Comment messire Guillaume de Gauville parlementa avec un bourgeois d’Évreux comment ils reconquêteroient la cité d’Évreux au roi de Navarre.


Or vous vueil-je à recorder comment un chevalier de la comté d’Évreux, appelé messire Guillaume de Gauville, par sa subtilité et sa hardiesse reconquit la cité, le bourg et le châtel d’Évreux qui se tenoit pour le temps du roi de France ; et l’avoit le dit roi conquis sur les Navarrois, ainsi que contenu est ci-dessus en l’histoire.

Cil messire Guillaume de Gauville étoit chevalier de foi et de serment au roi de Navarre ; et trop lui déplaisoit la prise du roi ; et aussi faisoit-il à plusieurs bourgeois de la cité d’Évreux, si amender le pussent : mais ils ne pouvoient nullement, tant que le châtel leur fut ennemi. Si demeuroit le dessus dit chevalier à deux petites lieues d’Évreux, et avoit son retour en la cité chez un bourgeois, qui au temps passé avoit aussi été grandement ami du roi de Navarre, ainsi que un homme doit être à son seigneur, et que par nature ceux d’Évreux ont toujours plus aimé le roi de Navarre que le roi de France. Quand le chevalier venoit en l’hôtel du bourgeois, il étoit bien venu ; et buvoient et mangeoient ensemble en grand’récréation, et parloient et devisoient d’unes choses et d’autres, et par espécial du roi de Navarre et de sa prise, dont moult leur ennuyoit. Avint une fois entre les autres que le dit chevalier se alla élargir de parler au dit bourgeois et dit : « Je ne sais, mais si vous vouliez bien acertes, je conquêterois cette cité, le bourg et le châtel au roi de Navarre. » — « Et comment se pourroit-il faire, dit le bourgeois, car le châtelain est trop fort François, et sans le châtel ne nous oserions tourner, car il est maître de la cité et du bourg ? » Dit le chevalier : « Je le vous dirai : premièrement, il faudroit que vous eussiez de votre accord trois ou quatre bourgeois de votre amitié, et pourvues vos maisons de bons compagnons tous armés, hardis et entreprenans.
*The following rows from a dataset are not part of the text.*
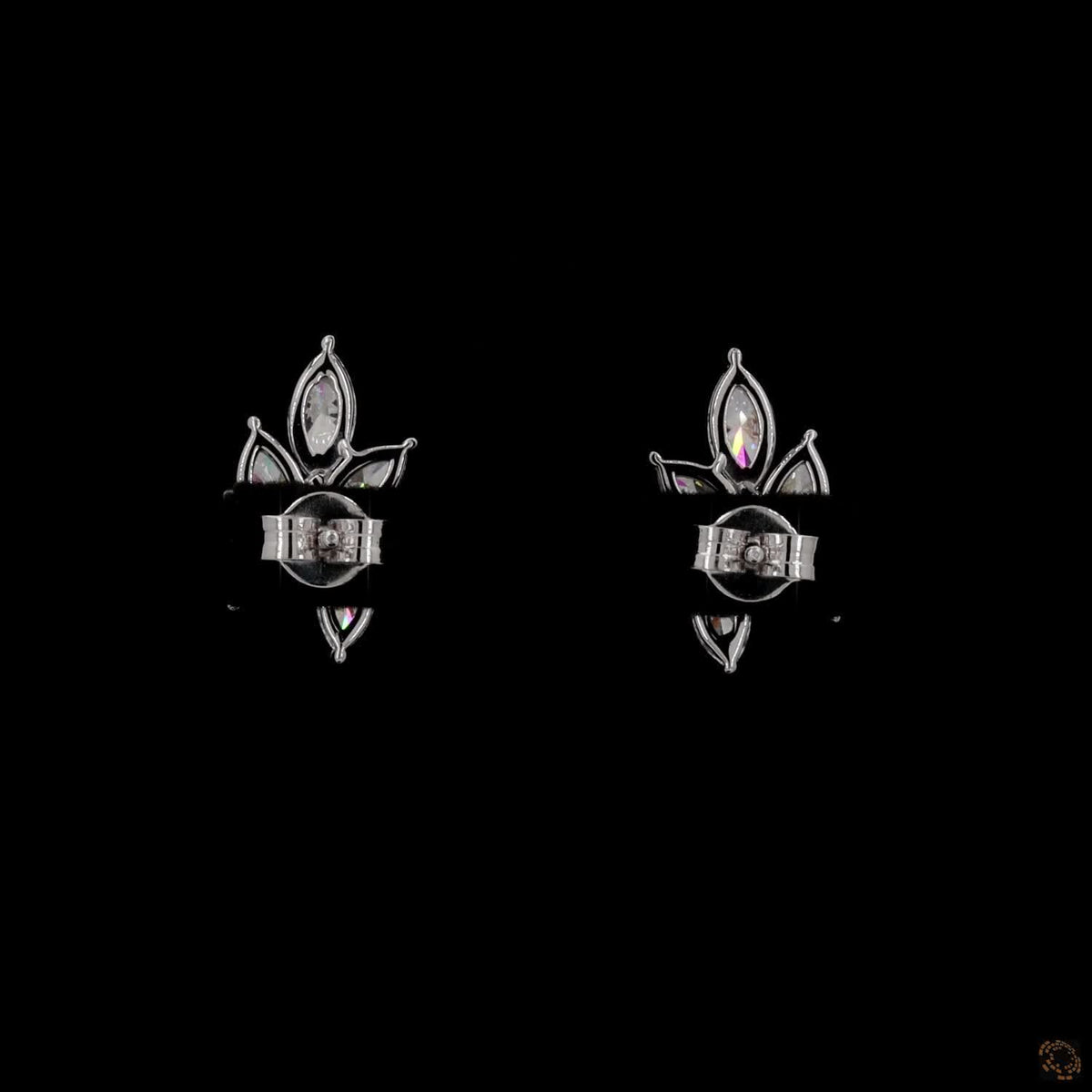 2.85 Ct High-brilliance marquise and pear cut diamonds set in shared-prong mountings
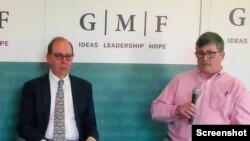 美国国务院主管中国和台湾事务的副助理国务卿蓝墨客(Mark Baxter Lambert)（右）2024年4月29日在美国德国马歇尔基金会发表讲话（画面来源：美国德国马歇尔基金会视频截图）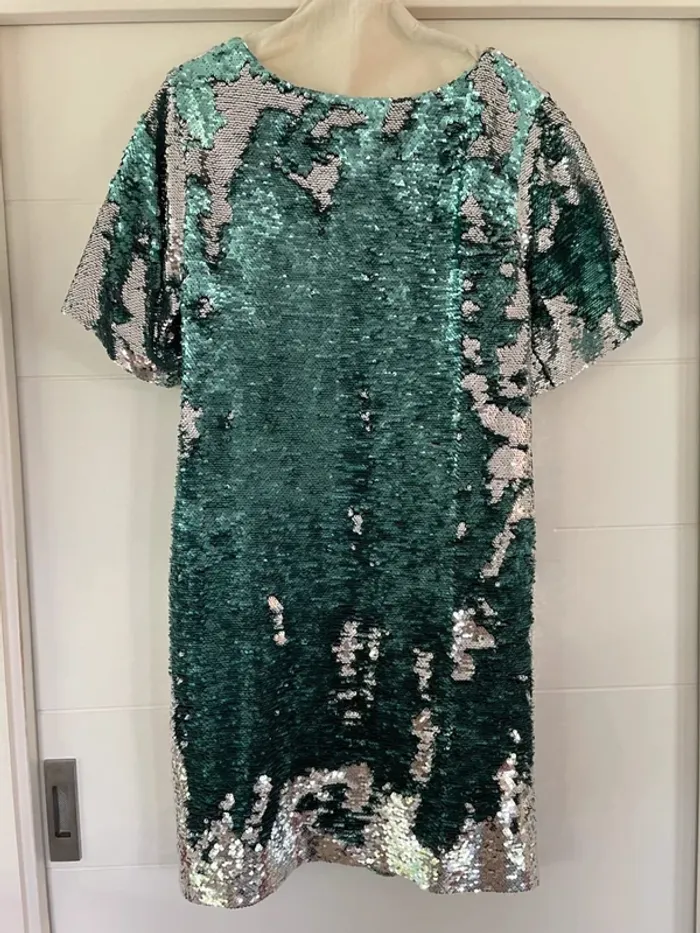 Superbe robe à sequins 36 pour briller - photo numéro 6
Tout ce fait couvertement, je parferois le surplus à mon péril : à laquelle heure que ce fût du jour, je serois en aguet, quand le châtelain viendroit à la porte ; car il a, par usage, coutume de venir une fois ou deux le jour. Je aurois avecques moi un varlet, je viendrois au châtelain et le tiendrois de paroles, et le menerois tant par lobes, que il me lairoit entrer en la première porte et espoir en la seconde. Par couverture je renvoierois mon varlet et vous ferois hâter et issir hors ces compagnons pourvus et avisés de ce qu’ils devroient faire, et approcher le châtel. Si très tot que je orrois un petit cor sonner de mon varlet, je me avancerois et occirois le châtelain ; de ce me fais-je fort assez et à mon péril. Vos gens lors sauldroient et tantôt viendroient avant ; et par ainsi nous serions maîtres du châtel, et puis de la cité et du bourg : car communément le plus des cœurs s’inclinent mieux au roi de Navarre notre seigneur que au roi de France. »
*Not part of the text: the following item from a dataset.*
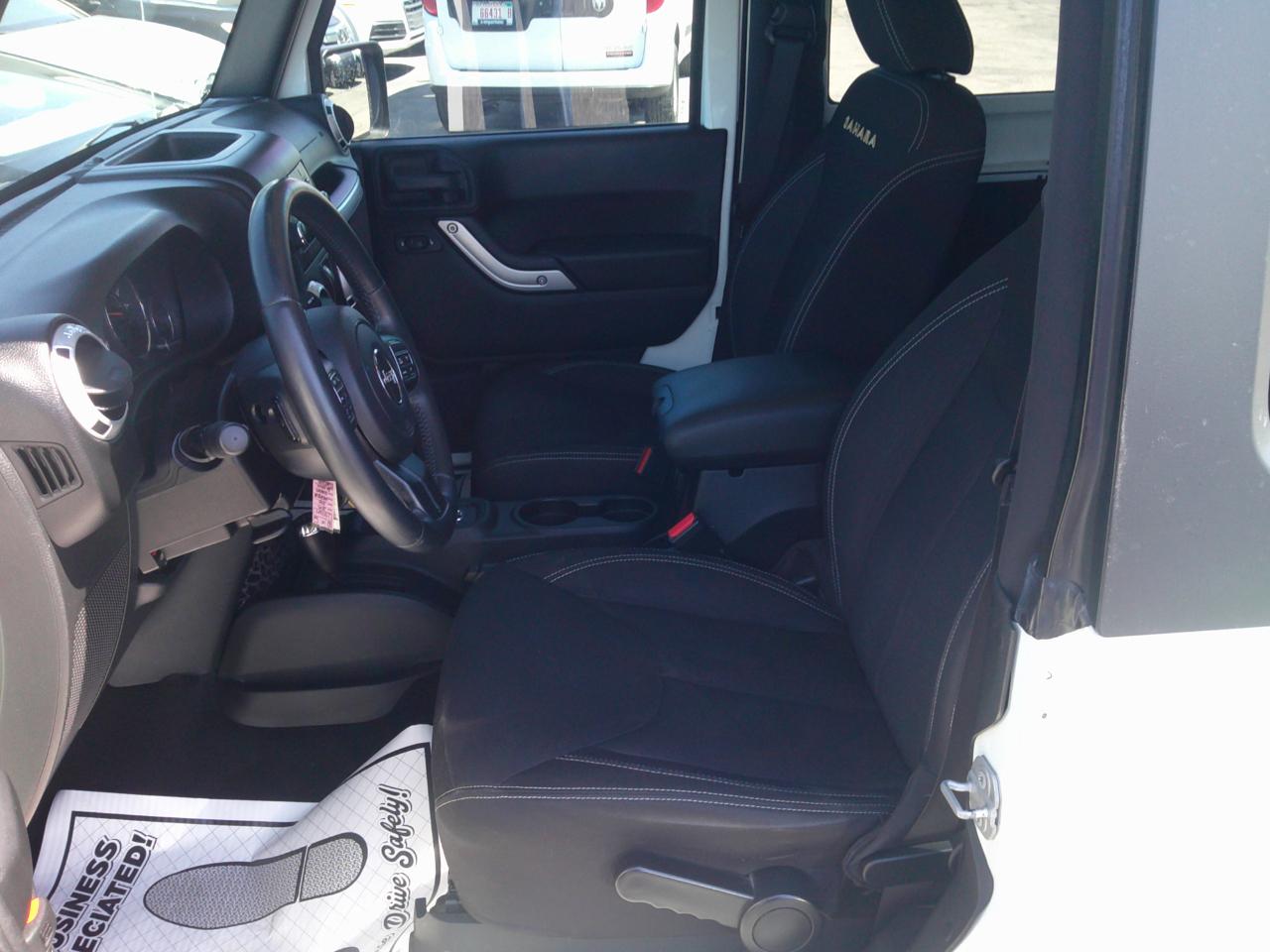 Jeep Wrangler Sahara 4WD 2015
Quand le bourgeois eut ainsi ouï parler messire Guillaume, si lui dit : « C’est trop bien dit, et je cuide bien que j’en aurai cinq ou six de mon amitié qui nous aideront à parfaire ce fait. » Depuis ne demeura guères de temps que le bourgeois dessus dit assembla tant d’amis couvertement, dedans la cité comme hors, que ils furent bien un cent tous d’un accord. Messire Guillaume de Gauville alloit et venoit en la cité sans nulle soupçon, et ne s’étoit point armé du temps passé avec messire Philippe de Navarre pour les Navarrois, pour la cause de ce que sa revenue gissoit toute ou en partie assez près d’Évreux, et le roi de France, du temps que il conquit Évreux, avoit toutes les terres d’environ fait obéir à lui, autrement il leur eut tollues. Il en avoit eu les corps tant seulement, mais les cœurs non ; toujours étoient-ils demeurés Navarrois ; et plus avoient-ils obéi au roi Jean par crémeur que par amour. Encore si le dit roi Jean eût été en France, cil messire Guillaume de Gauville n’eût osé emprendre ce qu’il emprit ; mais il sentoit les besognes de France moult entroublées, et que les trois états mettoient peine à la délivrance du roi de Navarre, et ne pouvoit nullement demeurer qu’il ne fût délivré : si que, pour avoir grâce envers lui, il lui vouloit faire ce premier service.